I’m happy to have a private life again. You might be surprised to know I’m actually a ridiculously private person, in fact the only reason this blog wasn’t anonymous is because I knew people needed to start sticking their real names to the ideologies they were espousing. But also, I dunno. It was funny. I’m kind of glad I’m private again though because certain people in my life don’t want their shit everywhere. And I get that, totally, I was doing this for art. Art!
When I got my psychic reading she said “Do you boss people around?” And I thought pshaw, no way, otherwise I would have control over my life. And then I said “Well, I’m a director.” I guess I hadn’t anticipated being this good of a director. But she did note that I was getting help from others now instead of doing it alone all the time. And that’s true, I can’t do everything on my own. I don’t know though, if I had to write report cards I sometimes worry it might say “Does not follow instruction.” I was really worried I’d end up being like Charlton Heston at the end of Planet Of The Apes.
But I think people have held on pretty well. It does get overwhelming though, when horrid stuff seems to take precedence over the nice things. But I mean, yeah, that’s human history in a nutshell. I guess people were just really good at turning a blind eye to these things, and so in a way it had to get really in your face. I wish it didn’t, I wish people could have just gone to see movies and art and listened to music to play out these stories and actually looked at history. I mean, that’s the decent thing to do. But I also know psychiatry as it stands today has really got a stranglehold on society, I mean, even I was duped into taking pills two months after I felt my root chakra being activated. But again, like I say, the light can be too trusting.
I honestly don’t think I’ll be coming back to this planet, some really fucked up shit lives here. But who knows, maybe it will turn into a nice place. Maybe. At least people finally know who other people really are.

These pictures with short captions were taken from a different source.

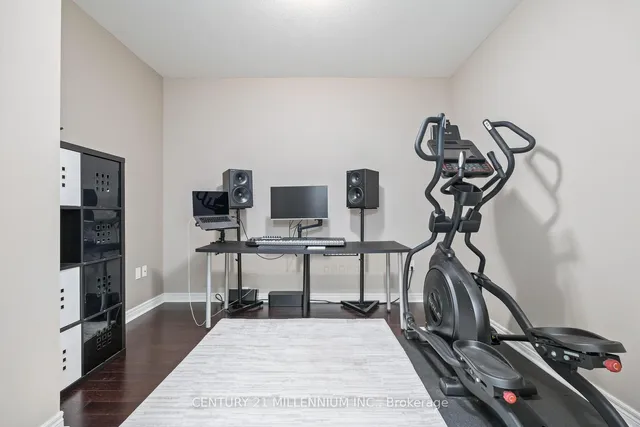 Additional image 19 of 33 Whitmer St Unit 413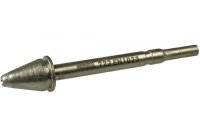 ERSA 722EN1023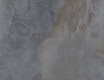 Veggfliser 60x120 cm, brun matt A4H893 Pizarra Pocono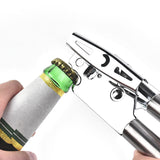 Can Opener eprolo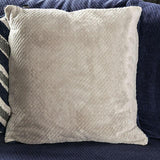 GRISWOLD Sectional - Furniture World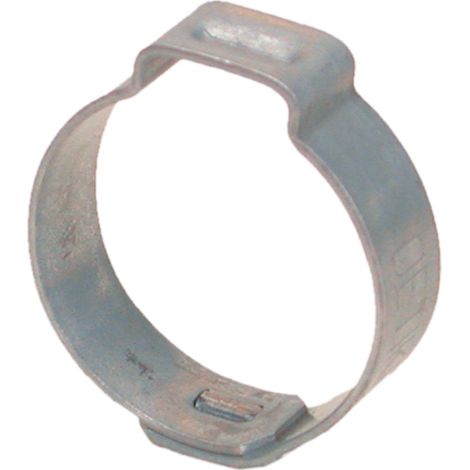 Collier 1 oreille diam. 21 LACME - 368200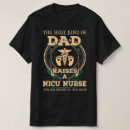 Search for nurses dad tshirts Nicu
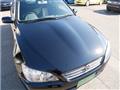 2004 Toyota Altezza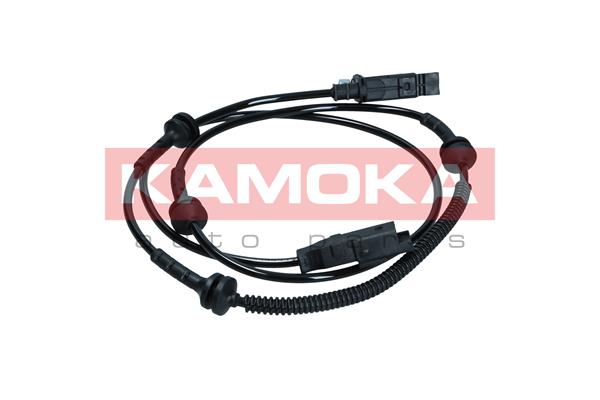 Sensor, wheel speed - 1060098 KAMOKA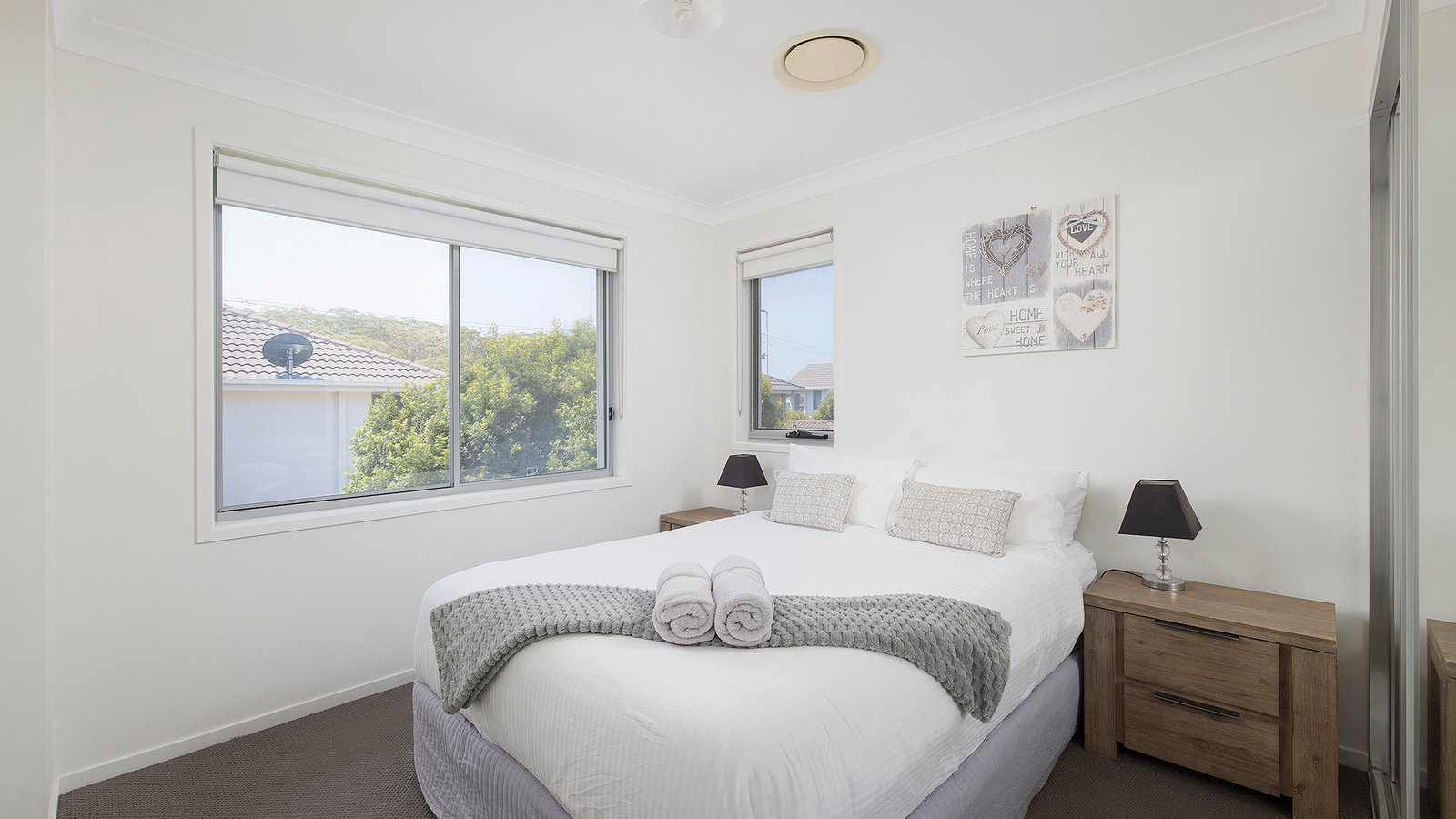 24 Seaspray Avenue NELSON BAY 12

I’m not really mad at certain other people in Montreal who sent me to the ward, because they honestly had no idea what happens there. I hope they do now.
People think prophecy is all about someone knowing the future. But I am starting to think that the people who tell prophecies are actually people who are making a promise that they’ll fulfill in a future life.
I don’t know what people are going to do now. I know what they’re going to do, but other people, hmm, not sure. I think people need to start having small discussion groups with eachother about things they’ve noticed, things that need to change, and ideas they have for changing them. A lot can happen at kitchen tables with a couple of friends. And I think we need to have way more art in the world. Basically, we have to stop letting the darkness run everything, and we have to stop feeling bullied by them, because they’re the ones with the secrets to worry about.